Конечно, тот, кто обещает, становится должником. Я обязана этот долг отдать – кровь из носу. Надо как-то поторопить Печенина. Тоже, устроил производственное совещание! Другого места не нашёл. Я мужиков знаю – они за самку должны сражаться. А если сама в руки идёт, вроде, ничего и не стоит.

Как известно, умный отвечает за то, что делает. А дурак делает всё что угодно. И я сейчас головой отвечаю за операцию «Бриндер». Печенин должен оказаться в квартире на улице Профессора Попова. И, желательно, до полуночи. Геннадий Григорьевич – человек пожилой, долго ждать не может. А работа предстоит большая.

Я уже знаю, что Лёша Купоров мотал срок за незаконный промысел кальмаров близ Курильских островов. Улов он продавал японцам. Петя Филинцев впервые сел за убийство. Зря или нет, не знаю. А уже на зоне влился в шайку, грабившую нумизматов, филателистов и прочих коллекционеров старины.

Как известно, ничто так не сближает людей, как контрабанда. Купоров после отсидки опять пошёл рыбачить – только уже не капитаном, а простым матросом. Его возможности приглянулись пахану Филинцева. Человек практически ни за что не отвечал, а мог очень много. Патриот Купоров вывозил из страны награбленные ценности. Да и ввозил кое-что – из Японии и Южной Кореи.
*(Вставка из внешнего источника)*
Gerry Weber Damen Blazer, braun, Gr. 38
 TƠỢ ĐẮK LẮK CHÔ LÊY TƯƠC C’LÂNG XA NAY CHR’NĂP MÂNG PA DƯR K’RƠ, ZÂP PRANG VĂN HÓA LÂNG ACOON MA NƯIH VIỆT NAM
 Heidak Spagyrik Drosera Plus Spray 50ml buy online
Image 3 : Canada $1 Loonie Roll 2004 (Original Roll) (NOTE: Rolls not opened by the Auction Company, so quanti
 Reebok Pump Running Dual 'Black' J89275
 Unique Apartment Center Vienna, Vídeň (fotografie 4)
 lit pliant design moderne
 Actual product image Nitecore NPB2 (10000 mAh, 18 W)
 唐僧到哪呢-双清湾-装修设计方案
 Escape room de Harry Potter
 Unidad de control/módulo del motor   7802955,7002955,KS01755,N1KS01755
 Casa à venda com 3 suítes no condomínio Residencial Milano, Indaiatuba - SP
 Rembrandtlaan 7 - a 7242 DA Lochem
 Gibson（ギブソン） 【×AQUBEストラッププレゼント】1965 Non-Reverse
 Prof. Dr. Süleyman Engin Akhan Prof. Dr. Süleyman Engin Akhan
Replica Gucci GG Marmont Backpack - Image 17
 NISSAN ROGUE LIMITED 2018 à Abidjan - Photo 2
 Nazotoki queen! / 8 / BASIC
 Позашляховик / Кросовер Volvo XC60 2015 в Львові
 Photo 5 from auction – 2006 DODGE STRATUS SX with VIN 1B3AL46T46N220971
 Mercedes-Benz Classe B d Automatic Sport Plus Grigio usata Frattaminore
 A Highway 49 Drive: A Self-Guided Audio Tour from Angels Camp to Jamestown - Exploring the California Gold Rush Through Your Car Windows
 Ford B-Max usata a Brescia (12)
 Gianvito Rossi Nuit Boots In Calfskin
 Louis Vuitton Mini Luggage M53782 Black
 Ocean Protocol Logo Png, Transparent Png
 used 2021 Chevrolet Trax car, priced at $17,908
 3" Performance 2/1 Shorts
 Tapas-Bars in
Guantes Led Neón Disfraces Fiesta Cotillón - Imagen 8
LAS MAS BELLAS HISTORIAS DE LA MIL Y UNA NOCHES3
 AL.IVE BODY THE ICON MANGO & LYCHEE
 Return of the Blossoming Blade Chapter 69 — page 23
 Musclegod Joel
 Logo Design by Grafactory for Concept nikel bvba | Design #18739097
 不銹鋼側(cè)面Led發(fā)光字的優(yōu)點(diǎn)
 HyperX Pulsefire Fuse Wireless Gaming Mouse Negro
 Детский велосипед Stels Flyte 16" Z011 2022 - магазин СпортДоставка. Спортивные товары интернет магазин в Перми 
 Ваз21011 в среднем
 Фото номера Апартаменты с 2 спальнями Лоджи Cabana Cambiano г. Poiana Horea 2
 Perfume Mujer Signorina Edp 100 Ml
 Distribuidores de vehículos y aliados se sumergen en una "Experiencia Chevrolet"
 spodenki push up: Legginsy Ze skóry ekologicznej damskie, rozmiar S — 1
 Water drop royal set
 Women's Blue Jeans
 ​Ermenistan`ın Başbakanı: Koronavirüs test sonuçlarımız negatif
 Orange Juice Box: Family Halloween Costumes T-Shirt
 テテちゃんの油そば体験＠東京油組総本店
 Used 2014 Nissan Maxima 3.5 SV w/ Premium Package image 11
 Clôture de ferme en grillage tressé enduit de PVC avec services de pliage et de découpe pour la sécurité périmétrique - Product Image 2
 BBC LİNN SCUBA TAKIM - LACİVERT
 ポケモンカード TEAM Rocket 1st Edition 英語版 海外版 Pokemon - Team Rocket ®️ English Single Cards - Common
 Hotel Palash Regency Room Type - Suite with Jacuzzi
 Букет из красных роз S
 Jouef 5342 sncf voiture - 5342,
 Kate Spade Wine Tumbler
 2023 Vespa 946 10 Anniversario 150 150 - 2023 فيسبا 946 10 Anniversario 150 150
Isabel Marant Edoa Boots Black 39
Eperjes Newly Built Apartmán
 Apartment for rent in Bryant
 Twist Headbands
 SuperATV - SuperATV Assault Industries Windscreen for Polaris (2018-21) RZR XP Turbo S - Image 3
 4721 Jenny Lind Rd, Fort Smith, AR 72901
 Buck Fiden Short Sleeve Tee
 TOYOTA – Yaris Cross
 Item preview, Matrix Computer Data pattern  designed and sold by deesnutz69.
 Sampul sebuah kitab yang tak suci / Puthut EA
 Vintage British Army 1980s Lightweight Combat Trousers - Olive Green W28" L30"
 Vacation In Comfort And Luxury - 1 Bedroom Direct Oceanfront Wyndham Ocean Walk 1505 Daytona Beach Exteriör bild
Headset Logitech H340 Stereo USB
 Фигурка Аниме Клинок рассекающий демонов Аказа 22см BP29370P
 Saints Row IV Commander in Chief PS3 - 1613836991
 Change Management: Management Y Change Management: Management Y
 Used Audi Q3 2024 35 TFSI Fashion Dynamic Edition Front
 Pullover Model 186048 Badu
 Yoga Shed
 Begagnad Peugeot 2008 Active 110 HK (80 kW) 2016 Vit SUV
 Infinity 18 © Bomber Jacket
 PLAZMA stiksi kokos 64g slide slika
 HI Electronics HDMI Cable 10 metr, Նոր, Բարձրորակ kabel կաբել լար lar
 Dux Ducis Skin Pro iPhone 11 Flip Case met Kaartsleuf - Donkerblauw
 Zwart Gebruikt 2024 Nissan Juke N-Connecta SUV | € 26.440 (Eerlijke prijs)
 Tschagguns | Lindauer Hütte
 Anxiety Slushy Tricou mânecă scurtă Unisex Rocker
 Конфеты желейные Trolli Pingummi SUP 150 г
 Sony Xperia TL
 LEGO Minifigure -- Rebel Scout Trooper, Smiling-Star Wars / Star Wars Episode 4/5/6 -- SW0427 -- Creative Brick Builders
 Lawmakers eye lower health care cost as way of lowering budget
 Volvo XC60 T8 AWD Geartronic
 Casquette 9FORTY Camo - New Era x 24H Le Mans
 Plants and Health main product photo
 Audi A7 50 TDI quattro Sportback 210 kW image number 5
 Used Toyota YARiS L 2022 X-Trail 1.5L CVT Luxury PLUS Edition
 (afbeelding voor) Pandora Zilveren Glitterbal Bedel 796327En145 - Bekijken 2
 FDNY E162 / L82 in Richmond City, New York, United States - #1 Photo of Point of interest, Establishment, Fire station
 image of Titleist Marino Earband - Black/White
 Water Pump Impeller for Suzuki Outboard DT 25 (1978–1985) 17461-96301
Я применила приём, который никогда не давал сбоев. Ласково щебетала с Оноре, припоминая все известные мне французские слова. После пятого танца он спустил руку с моей талии на ягодицы, положил голову мне на плечо. Я с наслаждением вдыхала запах костюма, светло-сиреневой рубашки, галстука, похожего на звёздное небо. И уже основательно возбудилась, когда в полнейшей тишине услышала своё имя.